With home education, the need to confront that bus-full of strange faces and pick a reasonably friendly one to sit next to, or go through the rituals of acceptance into a new group, are removed. Integration into a new community is easier if you do it on your own terms and at your own speed regardless of the claims by some of the efficacy of being ‘thrown in at the deep end’ and having to sink or swim.

I can still remember the locker room whispers concerning Jill, a new 4th-grade girl, who had a large brown area of skin on her stomach.  It looked like a birthmark, but the ‘cool girls’ said it was “scum.”
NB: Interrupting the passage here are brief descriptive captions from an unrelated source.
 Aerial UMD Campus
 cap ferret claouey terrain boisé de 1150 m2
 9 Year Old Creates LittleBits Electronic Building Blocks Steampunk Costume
What a curious artifact of schooling is the PE shower. What aspect of socialization is served by making groups of strangers shower together? If a family did this would it be considered a ‘red flag’ if the neighbors found out that a family’s bathroom had a ‘gang shower?’ But I digress. The horrors of PE well-covered on television programs, but the knowledge that your discomfort and dread is universal is no consolation at the moment of disrobing.
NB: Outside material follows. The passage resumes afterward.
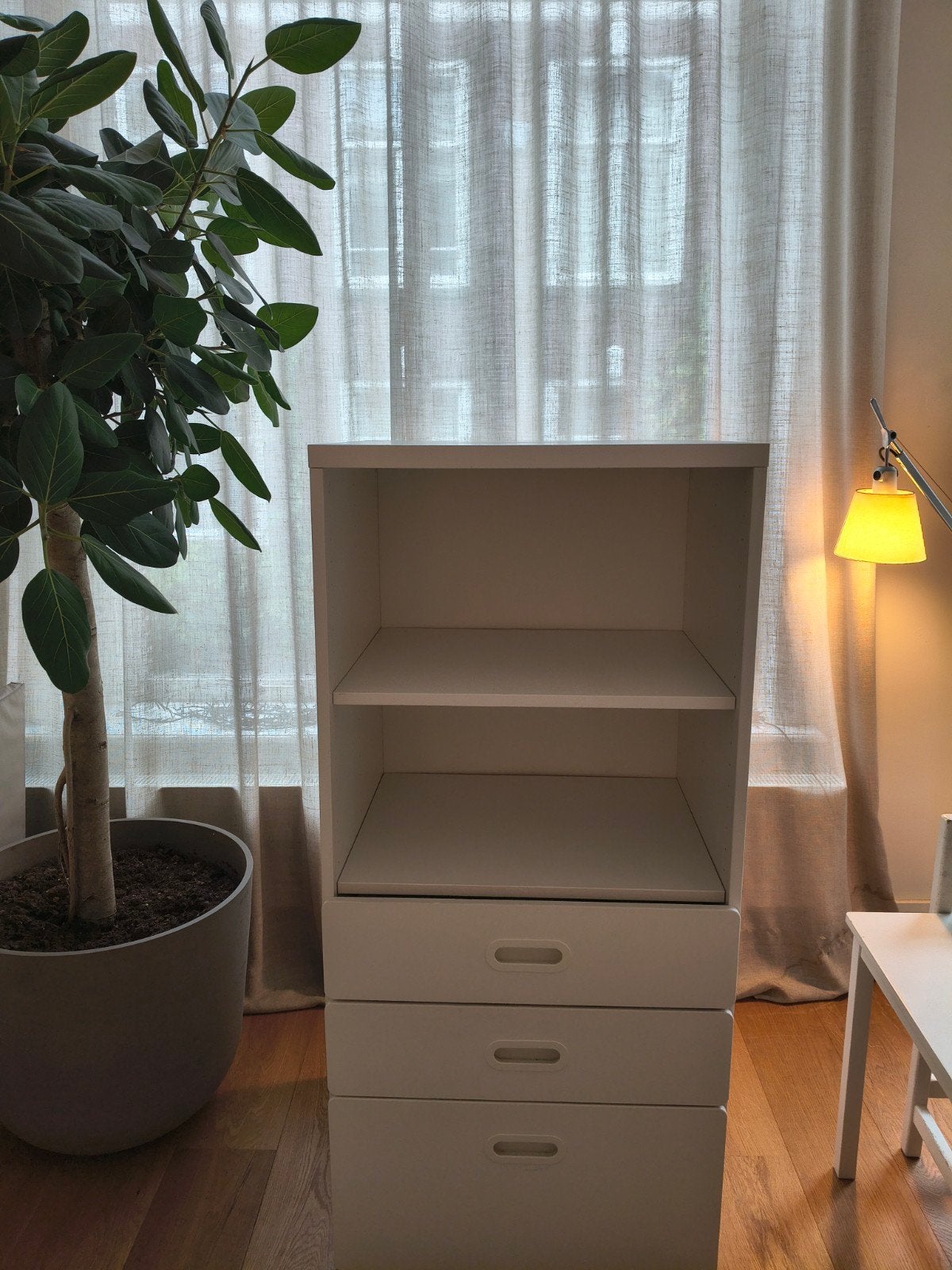 Witte Ikea Platsa Kast met Lades en Planken - Zo goed als ni, Ophalen, Minder dan 50 cm, 100 tot 150 cm, Zo goed als nieuw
But how does a home educated child make friends if he or she isn’t in school? One overlooked source of friends in our contemporary, age-graded, everyone-out-the-door, see-you-later life is siblings, the ultimate in home-made amusements.
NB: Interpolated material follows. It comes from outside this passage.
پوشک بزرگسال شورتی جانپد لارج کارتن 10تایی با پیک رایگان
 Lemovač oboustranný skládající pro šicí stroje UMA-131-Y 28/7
Through the age-segregation of schooling, and reinforced by the images of contemporary entertainment, brothers and sisters are thought to be either indifferent to one another or to be mutual rivals. In the newspaper I saw an advertisement for cell phones. The graphic was two girls, apparently sisters, impaling each other with what I call the teenage Valley-sneer. The point of the advertisement was a buy-one-phone-get-one-phone-free deal that would remove one more cause of sibling rivalry: sharing a phone. No explanation was necessary because ‘everyone knows’ that brothers and sisters don’t like each other.

Of course events and situations can impose barriers between brothers and sisters and can create competition. Children in a family where each person is ‘cut from the herd’ each day may have to position themselves for things they want or need such as:

  • time with their parents
  • entertainment items
  • a share of the smaller military-family cash-stash nibbled at by frequent PCSEs

In the homeschooling situation, there may be more camaraderie because of mutual-use entertainment items (such as baseball gloves, bats and balls) and the fact that if a sibling isn’t included in the activity, it doesn’t proceed. Newly- PCSed siblings can also recall the recently departed-from-home and share memories. Brothers and sisters can be fellow-adventurers in discovering the new home station:

  • Where is the Exchange?
  • How far to the youth center?
  • What are the hours of operation of the bowling alley or library?

New geographies are more easily explored if you have a trusted comrade-in-newness.  The anticipation of moving is more easily worked through if your buddy has been with you all along.